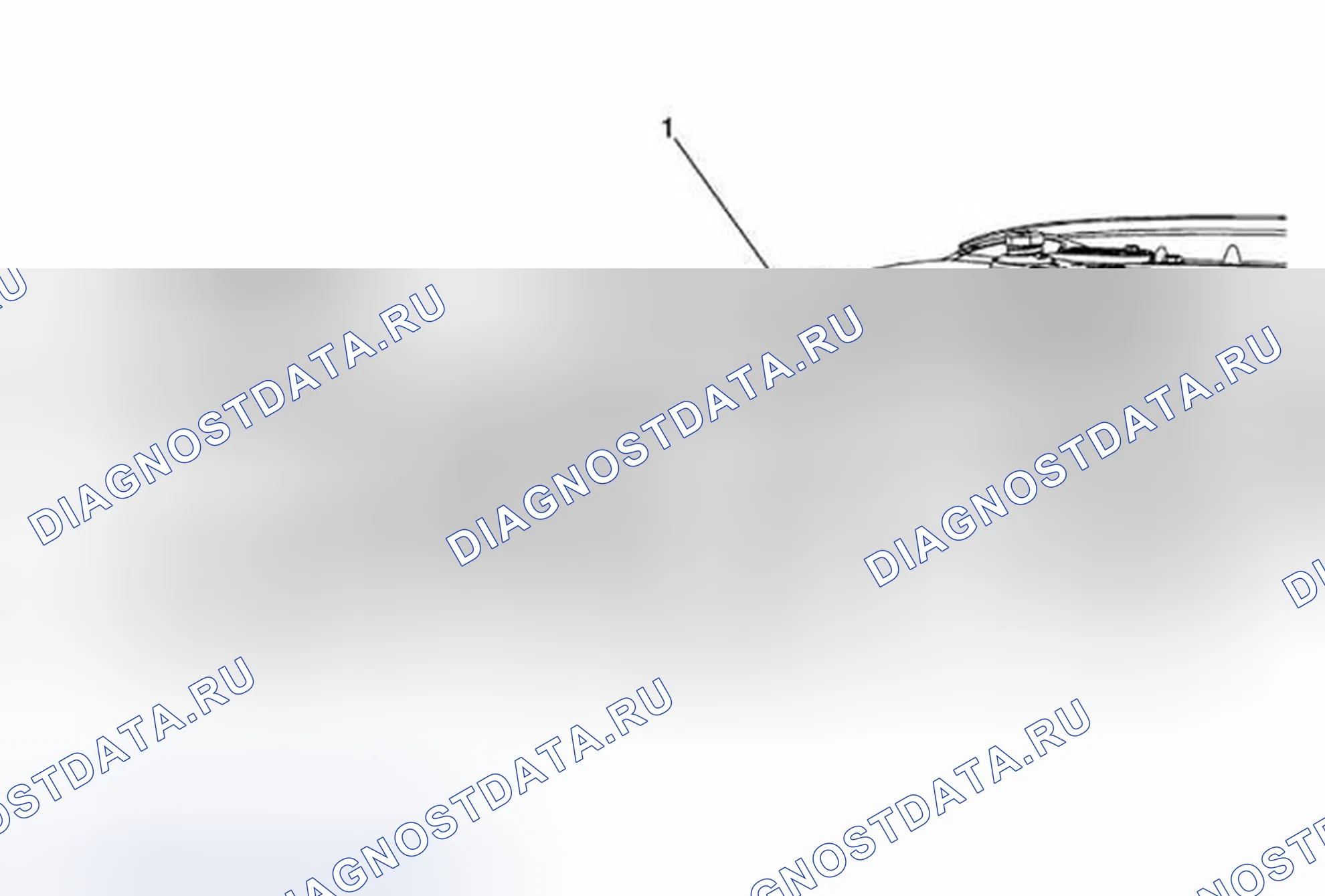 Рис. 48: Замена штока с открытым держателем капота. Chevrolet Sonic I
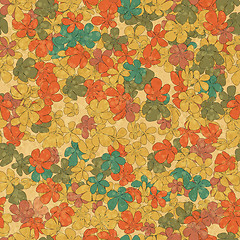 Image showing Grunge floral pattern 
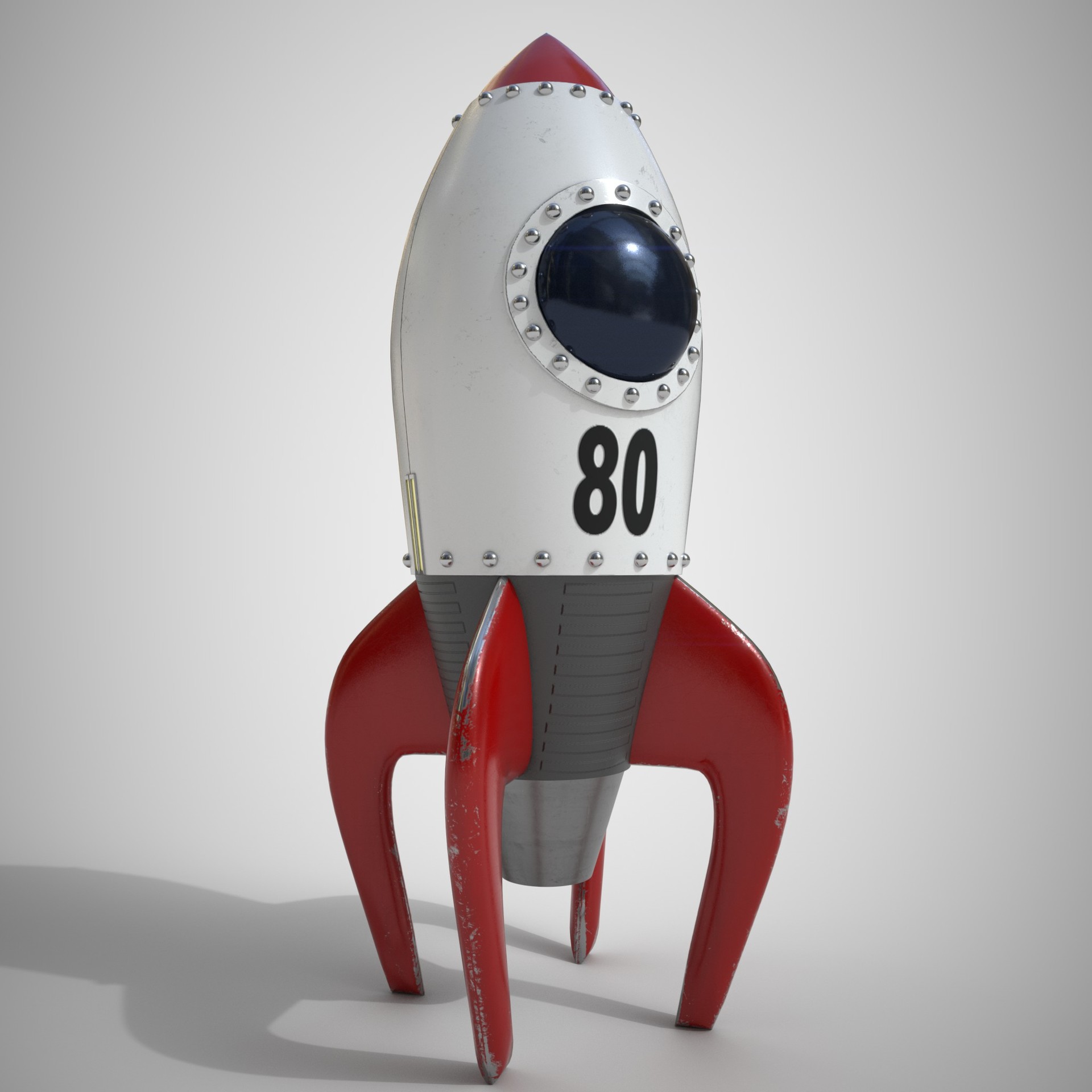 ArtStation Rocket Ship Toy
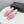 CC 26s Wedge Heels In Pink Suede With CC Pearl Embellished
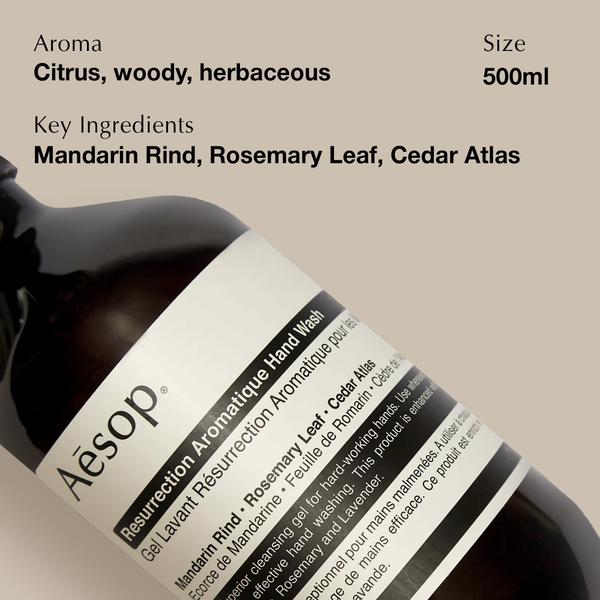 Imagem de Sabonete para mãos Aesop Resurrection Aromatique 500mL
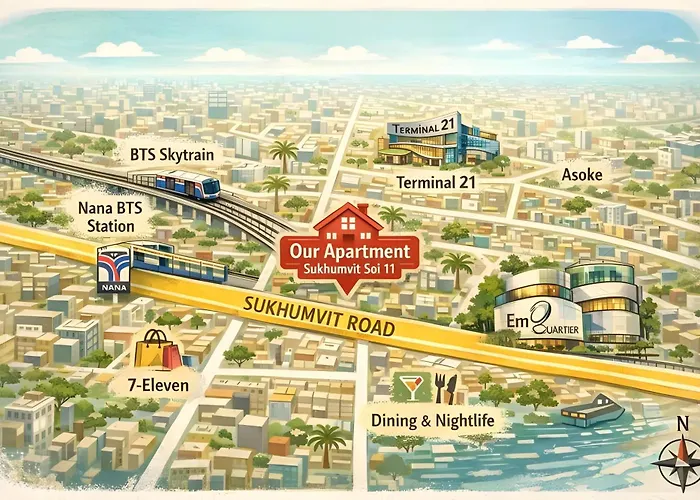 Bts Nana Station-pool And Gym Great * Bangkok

▸ **Problem description**
Leaving the pictures out, set down exactly the lines from the one with "CC 26s Wedge" through the end of the records.

▸ **Written response**
 CC 26s Wedge Heels In Pink Suede With CC Pearl Embellished
 Imagem de Sabonete para mãos Aesop Resurrection Aromatique 500mL
 Bts Nana Station-pool And Gym Great * Bangkok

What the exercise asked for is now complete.